Markets, Business, Finance etc:

  • Norway’s sovereign wealth fund posts a $43.5bn loss in the third quarter.
  • If Amazon is not a growth stock anymore what is it?

    In 2017, I came across a note from BCA Research arguing that Amazon’s model was dependent on continued capital appreciation to fund its salary expenses. It really resonated. We’ve long known that Amazon’s e-commerce business depends on undercutting the competition to achieve and maintain market share. And that it does this by operating on razor-thin margins or at cost — something it can afford to do thanks to the cheap labour it employs and the cross-subsidisation it benefits from via its AWS business. But I’d failed to appreciate the scale of the subsidies it derives from its capital position until then.

    Given Amazon’s core e-commerce business that everyone mostly identifies the Amazon brand has rarely been profitable, this is important.

    AWS, its main cash cow, is a capital and energy-intensive business. If it struggles to maintain growth in an inflationary environment — this could prove Amazon’s unravelling.

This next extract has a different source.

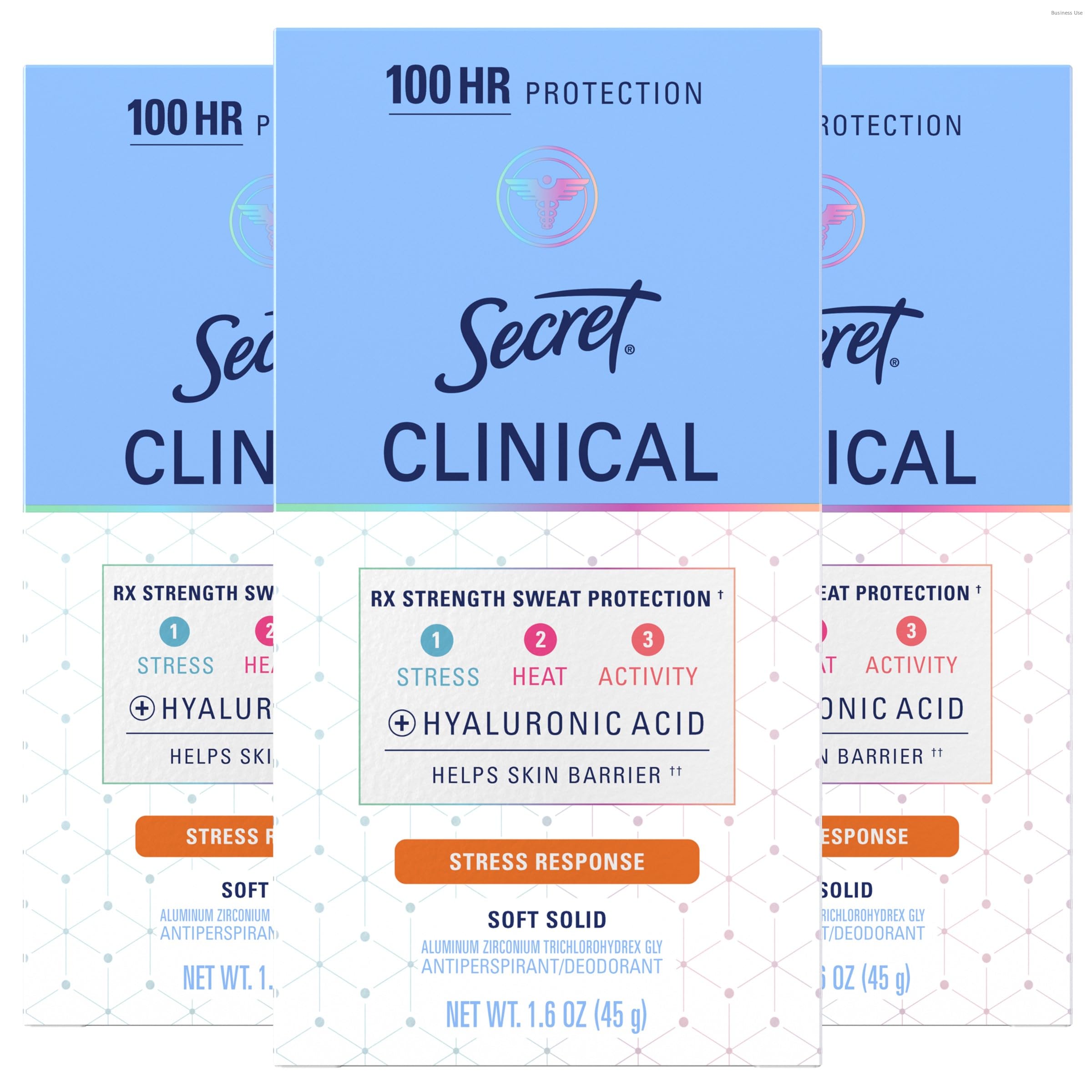 Secret Clinical Strength Antiperspirant Deodorant for Women, Stress Response, 3X Stress & 72hr Sweat & Odor Protection, PH Balancing Minerals, Soft Solid, 1.6 oz (Pack of 3)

    It’s no coincidence that Amazon’s peak valuation came in between July-Nov 2021, just before team transitory was forced to capitulate on the inflation outlook:


    But juxtapose that stock price history with Amazon’s additional paid-in capital expenses:


    Then compare and contrast that with Amazon’s net income chart (courtesy of Trading Economics):

    The analogy I sometimes make is that Amazon is equivalent to a private sector Gosplan system — an economic management system that depended on technocratic cross-subsidisation to allocate capital and resources according to its unique notion of what’s good for people rather than based on what the people actually want and are prepared to pay for.

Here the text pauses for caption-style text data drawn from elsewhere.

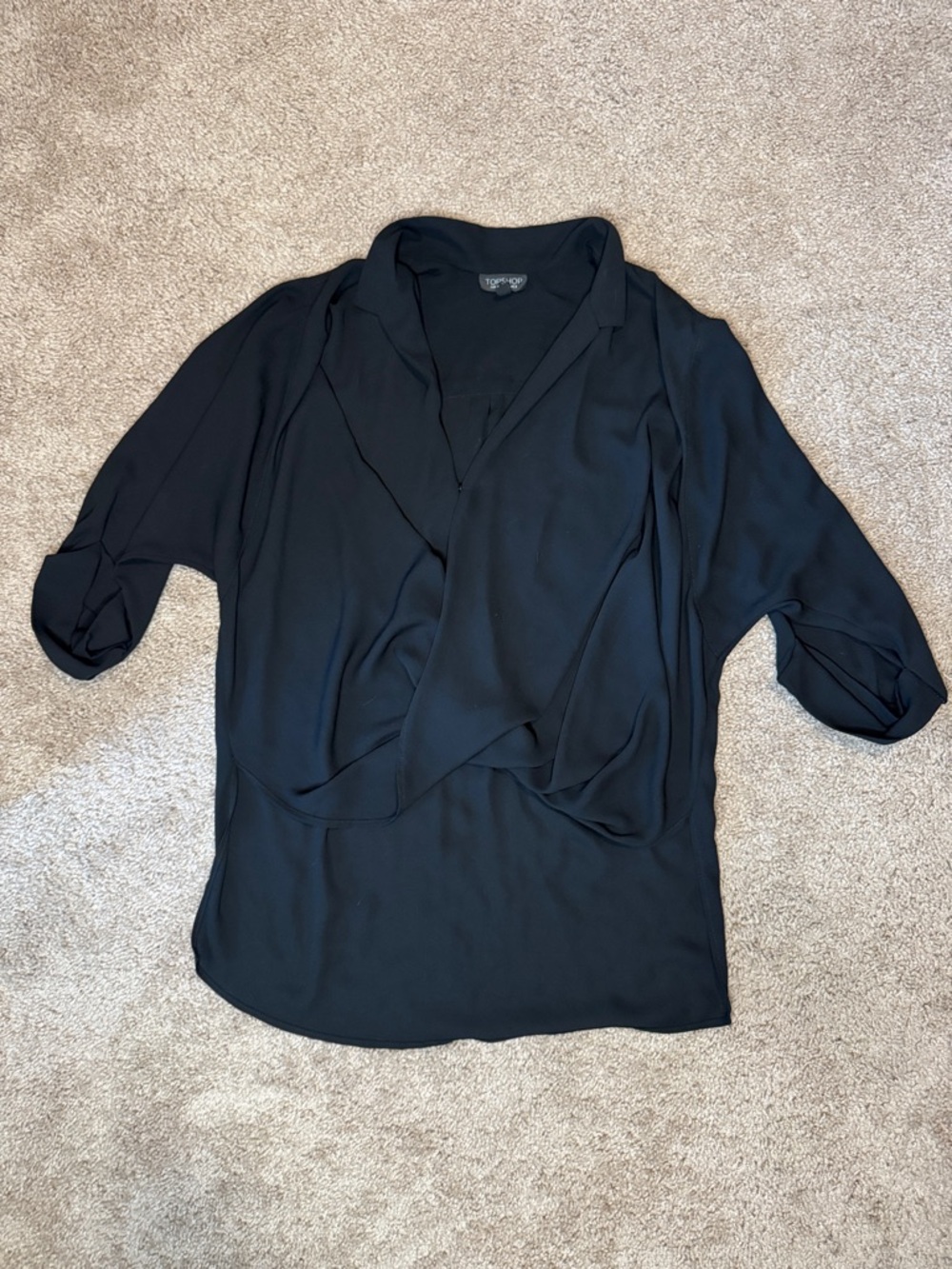 Topshop Black Draped Front Blouse with 3/4 Sleeves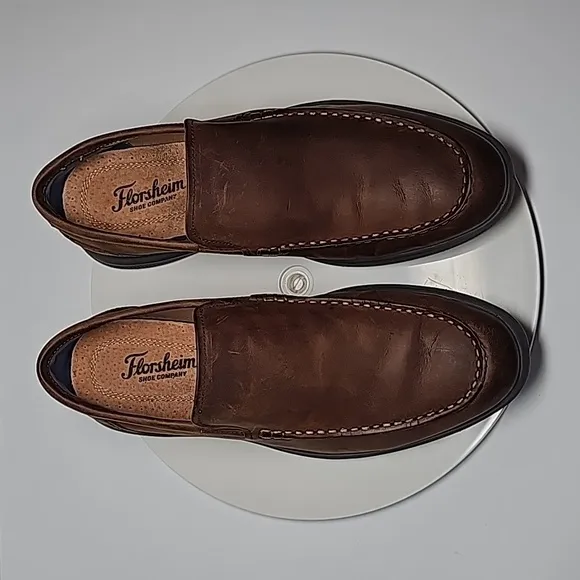 NWOT Florsheim Hamptons Venetian Loafers Shoes Ortholite Moc Toe Leather Brown 8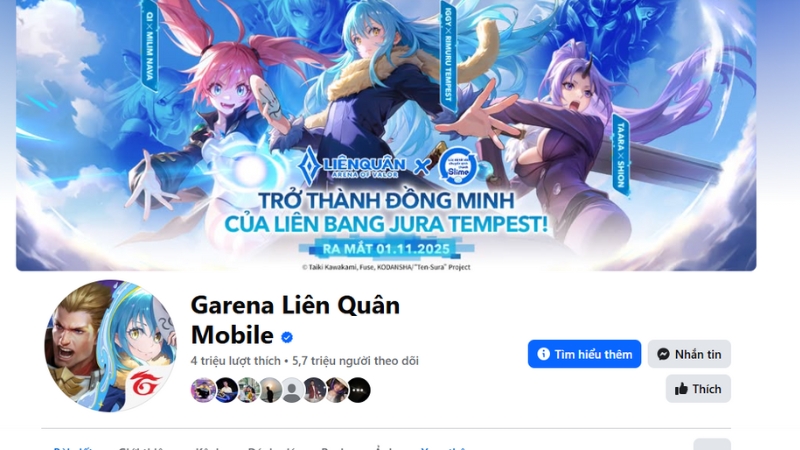 Theo dõi các trang mạng xã hội của Liên Quân Mobile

    The difference is that unlike Gosplan, Amazon never fully controlled the means of production. It focused on stimulating overproduction or underproduction in accordance with its plan through de-facto subsidisation of consumer activity/demand it thought useful to its longer vision. That model works in a deflationary world but could struggle in an inflationary one. In an inflationary world, true customer preferences (rather than subsidised ones) are likely to shine through again. There’s a not insignificant chance they won’t align with the vision Amazon has for the world.

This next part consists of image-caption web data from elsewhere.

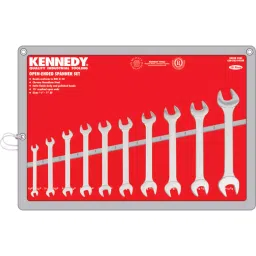 Kennedy 1/4-1 Inch Af Chrome Vanadium Steel Open End Spanner (Set of 10 Piece)-33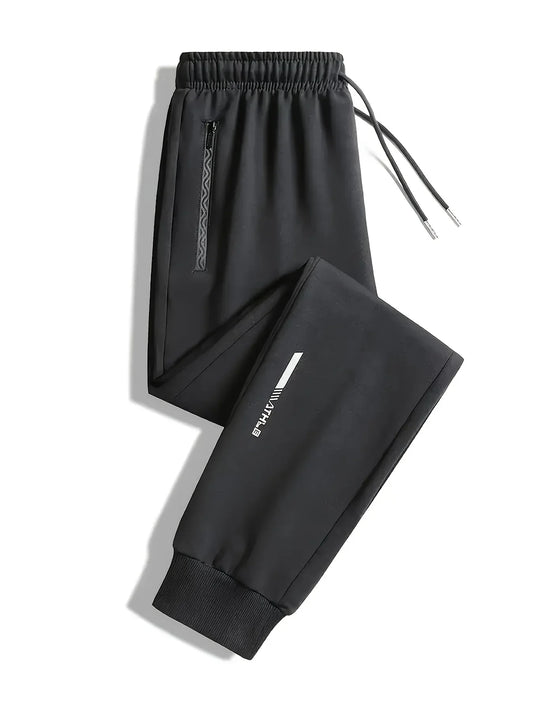 Men's casual running pants, delicate elastic running pants, fast drying ice silk straight tube breathable fitness pants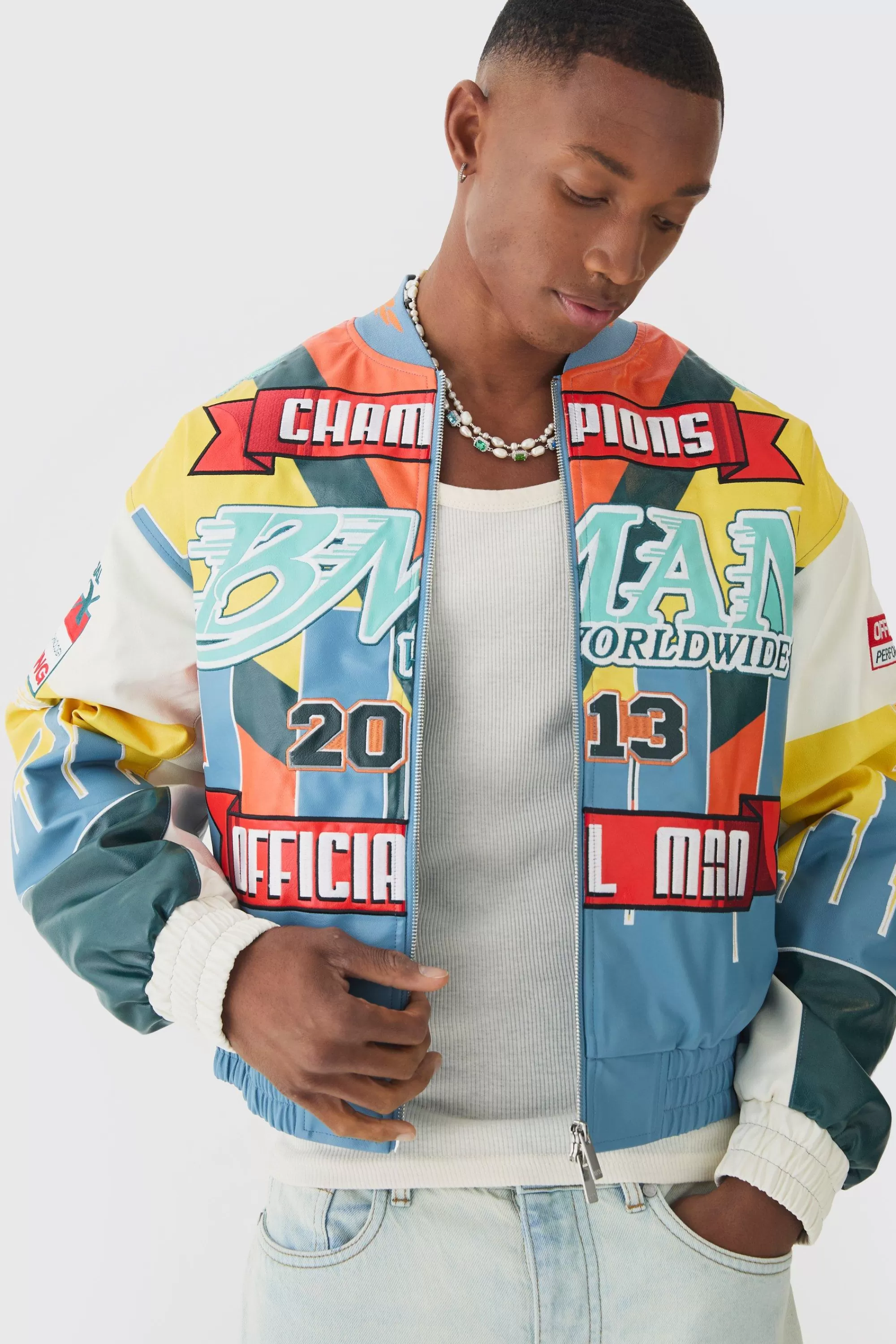 boohooMAN Boxy Man Dice Embroidered PU Bomber Jacket In Black | UK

  • The chip shortage is in the midst of a sudden reversal.

Programmable Central Bank Money:

  • A long Twitter thread about the context and history of Central Bank Digital Currencies.
  • The BIS and four central banks complete a successful pilot of real-value transactions on cross-border CBDC platform.
  • Andreessen Horowitz went all in on crypto at the worst possible time.
  • Forget about CBDCs. The future may lie in the India Stack system, which is, according to the IMF, widening access to financial services in an economy where retail transactions are heavily cash based.

Geopolitical Pivots:

  • Poland is doubling down on its German war reparation claim.

    This might all go away if it just got its Covid relief funds.

Who Really Runs the UK?

  • Narayana Kocherlakota echoes The Blind Spot’s sentiments on the Truss affair and argues the markets didn’t oust Truss, the Bank of England did. “The way the UK government fell should worry all who support democracy.”

    We’ve said it before, we’ll say it again. How is it that Andrew Bailey isn’t facing more scrutiny for the BoE’s disastrous record on everything since he took over?

Financial Obfuscation:

  • Russian oligarchs obscure their wealth through secretive Isle of Man network.Britain sheltering oligarchs? Who knew!